Defining HMA Failure and Bridging to Transplant/Introduction of CML Case

This segment continues the discussion of high-risk MDS management, focusing on how clinicians define failure of HMAs and determine next steps in therapy, particularly in patients with TP53 mutations. Dr. Shastri emphasizes that for this 72-year-old patient with limited treatment options, oral HMAs are appropriate to improve quality of life by reducing clinic visits, especially given renal insufficiency that may limit clinical trial eligibility. In practice, she expects potential efficacy by the 3rd or 4th cycle but prefers to evaluate response over 6 to 8 cycles before considering therapy failure. This approach allows sufficient time to assess clinical benefit while preparing the patient for potential allogeneic stem cell transplant.
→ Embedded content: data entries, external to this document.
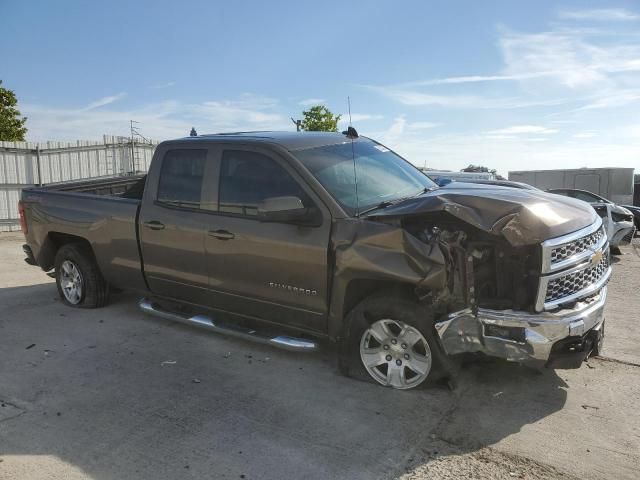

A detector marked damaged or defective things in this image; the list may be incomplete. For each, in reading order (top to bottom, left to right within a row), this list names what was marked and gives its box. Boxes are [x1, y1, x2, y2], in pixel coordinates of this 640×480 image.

damaged front end [336, 187, 608, 368]
crushed front bumper [436, 288, 604, 368]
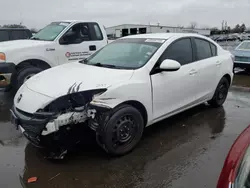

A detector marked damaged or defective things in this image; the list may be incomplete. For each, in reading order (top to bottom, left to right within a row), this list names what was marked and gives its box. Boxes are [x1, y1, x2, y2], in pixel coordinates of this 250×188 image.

damaged hood [25, 62, 135, 98]
broken headlight [43, 88, 106, 112]
front end damage [11, 88, 114, 159]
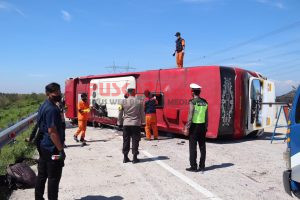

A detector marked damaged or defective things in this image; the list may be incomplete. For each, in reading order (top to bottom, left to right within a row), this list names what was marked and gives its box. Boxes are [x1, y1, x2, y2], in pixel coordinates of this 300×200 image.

overturned red bus [65, 66, 276, 138]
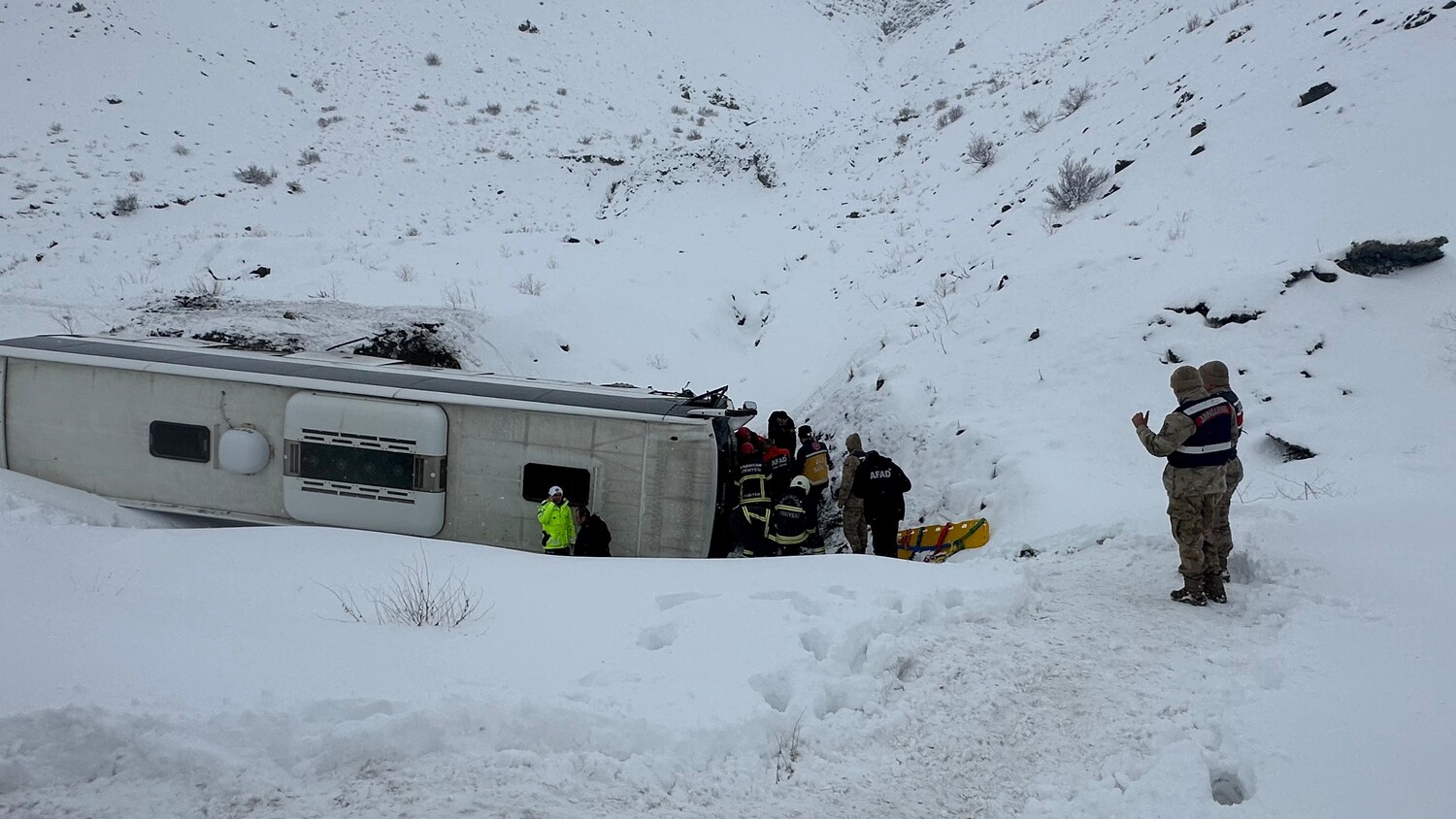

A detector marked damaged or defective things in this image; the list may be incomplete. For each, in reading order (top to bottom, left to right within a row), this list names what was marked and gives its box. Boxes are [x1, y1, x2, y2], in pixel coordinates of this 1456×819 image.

overturned white bus [0, 333, 751, 558]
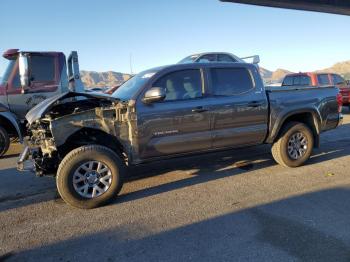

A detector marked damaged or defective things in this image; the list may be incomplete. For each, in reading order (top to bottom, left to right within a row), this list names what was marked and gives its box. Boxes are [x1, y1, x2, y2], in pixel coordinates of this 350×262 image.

crumpled hood [26, 92, 116, 125]
crash-damaged headlight area [16, 92, 134, 176]
damaged front end [17, 92, 137, 176]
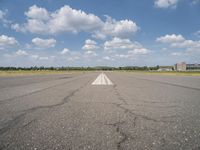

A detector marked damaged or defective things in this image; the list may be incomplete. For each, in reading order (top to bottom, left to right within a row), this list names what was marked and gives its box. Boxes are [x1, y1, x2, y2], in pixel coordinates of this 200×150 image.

cracked asphalt runway [0, 72, 200, 149]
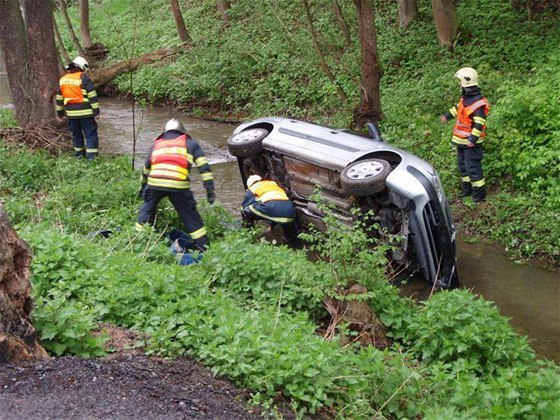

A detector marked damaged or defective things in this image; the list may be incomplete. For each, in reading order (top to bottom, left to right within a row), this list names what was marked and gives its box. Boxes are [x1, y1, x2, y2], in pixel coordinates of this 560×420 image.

Dr. Boccia describes that transplant centers, such as that at Johns Hopkins, may use early cycles of HMA therapy to “soften the marrow” prior to transplant rather than requiring full remission, reinforcing the concept that stable disease can still justify proceeding to transplant. If the patient shows only stable disease after six cycles, alternative strategies, such as adding venetoclax to HMA therapy, may be considered, with clinical trials as a secondary option depending on renal function and eligibility. The panel also discusses data suggesting that patients with TP53 mutations may benefit from combination therapies, which can increase response rates and potentially improve bridging to transplant, though overall survival gains remain uncertain.